Haniye’nin yargısız infazı bir savaş suçudur. Bu infazın İran topraklarında ve yeni Cumhurbaşkanı Mesud Pezeşkiyan’ın göreve başlaması dolayısıyla düzenlenen törenlerin ardından gerçekleştirilmiş olması, suç ve provokasyonun boyutlarını daha da arttırmaktadır.

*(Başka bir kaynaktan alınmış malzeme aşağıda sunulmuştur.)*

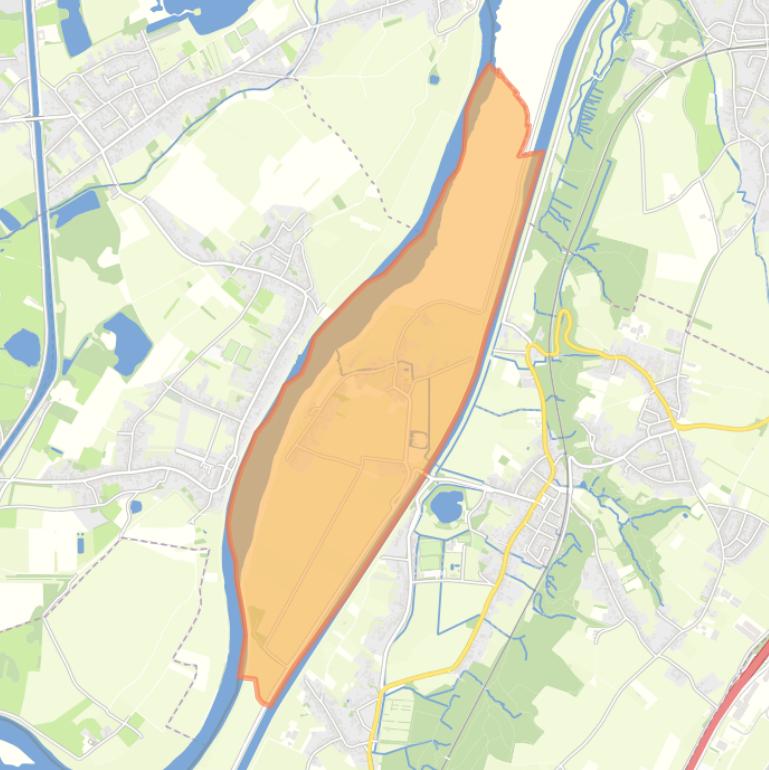 Kaart van de buurt Geulle.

İsrail’in saldırısının amacı İran’ı küçük düşürmek, yönetimini istikrarsızlaştırmak, güvenlik güçlerine olan güveni sarsmak ve son olarak da İran’ı karşılık vermeye zorlayarak daha fazla saldırganlığa bahane yaratmaktır. Haniye ölümünden birkaç saat önce İran’ın Dini Lideri Ayetullah Hamaney ile görüşmüştü.

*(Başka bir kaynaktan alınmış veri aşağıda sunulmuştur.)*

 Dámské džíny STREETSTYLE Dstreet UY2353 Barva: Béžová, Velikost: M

Soykırım peşinde koşan ve dünyanın önde gelen tıp dergilerinden Lancet’e göre Gazze Savaşı sırasında 186 bin kişinin ölümünden sorumlu olan İsrail hükümeti için gerçekten de sınır tanımamaktadır. Yine de, son yedi yıldır Hamas’ın siyasi bürosuna başkanlık eden ve öncesinde Gazze’deki sivil idareyi yöneten Haniye’nin infazı, uluslararası ilişkilerde yeni bir hukuksuzluk ve vahşet düzeyini temsil etmektedir. Karşılaştırma yapmak gerekirse, İsrail’in Hamas’ın siyasi kanadının başındaki kişiyi füze saldırısıyla öldürmesi, Rusya’nın Ukrayna Devlet Başkanı Zelenskiy’i Washington ya da Berlin’i ziyaret ettiği sırada insansız hava aracıyla öldürmesine benzemektedir.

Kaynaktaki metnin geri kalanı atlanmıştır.